Aiona unveiled his education plan at his campaign headquarters. Abercrombie released his plan in April. Aiona’s plan includes restructuring the Hawaii Department of Education based on the audit results and on voters’ decision this November about whether they want to replace the current elected board with an appointed one.

Aiona said he wants to give principals more authority to hire and fire, and that he would encourage principals to be the “chief education officers,” or CEOs, of their schools. Abercrombie says he would start leadership academies to help principals become, you guessed it, “CEOs of their schools.”

As governor, Aiona said he would also:

  • Negotiate for performance evaluations of educators.

  • Expand science, technology, engineering and mathematics, or STEM, programs in all schools within the first year.

  • Expand pre-kindergarten opportunities. This comes the same week that Gov.
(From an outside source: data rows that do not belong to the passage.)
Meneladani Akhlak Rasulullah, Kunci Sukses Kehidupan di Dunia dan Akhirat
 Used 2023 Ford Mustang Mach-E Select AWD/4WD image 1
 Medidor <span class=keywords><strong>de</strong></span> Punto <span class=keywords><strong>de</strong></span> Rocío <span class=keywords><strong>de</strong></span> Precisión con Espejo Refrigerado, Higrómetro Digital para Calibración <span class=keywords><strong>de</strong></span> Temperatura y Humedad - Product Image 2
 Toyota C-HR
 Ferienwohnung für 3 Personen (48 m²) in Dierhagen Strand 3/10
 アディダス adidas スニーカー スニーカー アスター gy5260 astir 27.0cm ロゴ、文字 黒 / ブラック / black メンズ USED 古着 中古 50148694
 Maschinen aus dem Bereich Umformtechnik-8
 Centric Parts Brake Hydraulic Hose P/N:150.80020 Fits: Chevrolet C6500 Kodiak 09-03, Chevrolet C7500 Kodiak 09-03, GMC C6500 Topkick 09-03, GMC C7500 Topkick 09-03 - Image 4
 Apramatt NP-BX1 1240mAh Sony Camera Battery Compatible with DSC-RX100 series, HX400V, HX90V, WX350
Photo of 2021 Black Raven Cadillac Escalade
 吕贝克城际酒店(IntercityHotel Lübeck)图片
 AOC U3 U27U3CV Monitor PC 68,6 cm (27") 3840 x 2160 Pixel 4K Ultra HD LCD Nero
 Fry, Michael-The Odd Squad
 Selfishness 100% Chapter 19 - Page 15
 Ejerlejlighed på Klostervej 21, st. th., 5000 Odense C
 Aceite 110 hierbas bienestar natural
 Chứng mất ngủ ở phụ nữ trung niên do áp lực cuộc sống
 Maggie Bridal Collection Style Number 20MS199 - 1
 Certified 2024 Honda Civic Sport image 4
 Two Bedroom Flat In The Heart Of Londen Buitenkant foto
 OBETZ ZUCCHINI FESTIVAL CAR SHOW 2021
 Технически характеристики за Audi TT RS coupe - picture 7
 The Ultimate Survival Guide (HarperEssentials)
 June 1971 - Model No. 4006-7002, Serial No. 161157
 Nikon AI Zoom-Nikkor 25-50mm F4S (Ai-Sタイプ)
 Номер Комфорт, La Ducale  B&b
Linda Lingle, for whom Aiona is lieutenant governor, signed a bill ending a junior kindergarten program and establishing a council to find alternative solutions for early childhood education. 


  • Champion continued Race to the Top reforms.

  • Strive to give principals control of 90 cents out of every education dollar.
     

  • Advocate for the creation of magnet schools and expanded vocational education.

  • Support home schooling.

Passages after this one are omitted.